Grand oral à l’UE : Les Nigériens sont allés prêcher dans un désert
mercredi 9 décembre 2009.
Hier mardi 8 décembre 2009, une délégation du gouvernement nigérien, conduite par le Premier ministre, Alio Badio Gamatié, devait être entendue par l’Union européenne (UE) à Bruxelles.
De par la volonté du président Mamadou Tandja de sacrifier sur l’autel de l’insouciance toutes les institutions de la république pour rester scotché à son fauteuil, le Niger est plongé depuis dans une crise sociopolitique. Epreuve de taille, ce grand oral l’est vraiment pour l’avenir des relations du pays d’Hamani Diori avec ses partenaires au développement. La délégation devait être reçue par la Commission dans le Palais de l’Europe pour faire des propositions acceptables de sortie de crise.
En rappel, début novembre, précisément le 3, un ultimatum de 30 jours avait été donné au Niger par l’UE pour entamer des consultations avec elle. Injonction lui a été faite d’acheminer à l’Union un carnet de route pour revenir à une vie constitutionnelle normale qui inclurait tous les acteurs de la scène politique du pays, à savoir l’opposition et la société civile.
Décision avait alors été prise de lui suspendre quelque 180 millions d’euros d’aide budgétaire.
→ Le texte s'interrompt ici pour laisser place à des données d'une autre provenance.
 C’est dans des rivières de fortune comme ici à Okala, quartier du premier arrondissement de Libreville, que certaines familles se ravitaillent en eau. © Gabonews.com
En outre, l’institution européenne a même menacé de rompre définitivement ses relations avec le pouvoir de Niamey. Raison évoquée, le Niger, qui figure parmi les plus pauvres au monde, depuis plusieurs mois patauge dans une crise politique sans précédent, situation créée par le président Mamadou Tandja, dont le deuxième mandat, n’eût été la constitution taillée sur mesure, arriverait à expiration le 22 décembre 2009.
Coup sur coup il a dissous en août dernier le Parlement et la Cour constitutionnelle, organisé un référendum autorisant une rallonge de sa mission jusqu’en 2012. Deux mois plus tard, ont eu lieu les législatives, boycottées par l’opposition. Contre la machine Tandja, qui écrase tout sur son passage, la Communauté économique des Etats de l’Afrique de l’Ouest (CEDEAO), qui n’approuve pas l’entêtement du premier des Nigériens, a alors décidé de suspendre son pays de ses instances et réclame un retour au statu quo (constitutionnel) ante.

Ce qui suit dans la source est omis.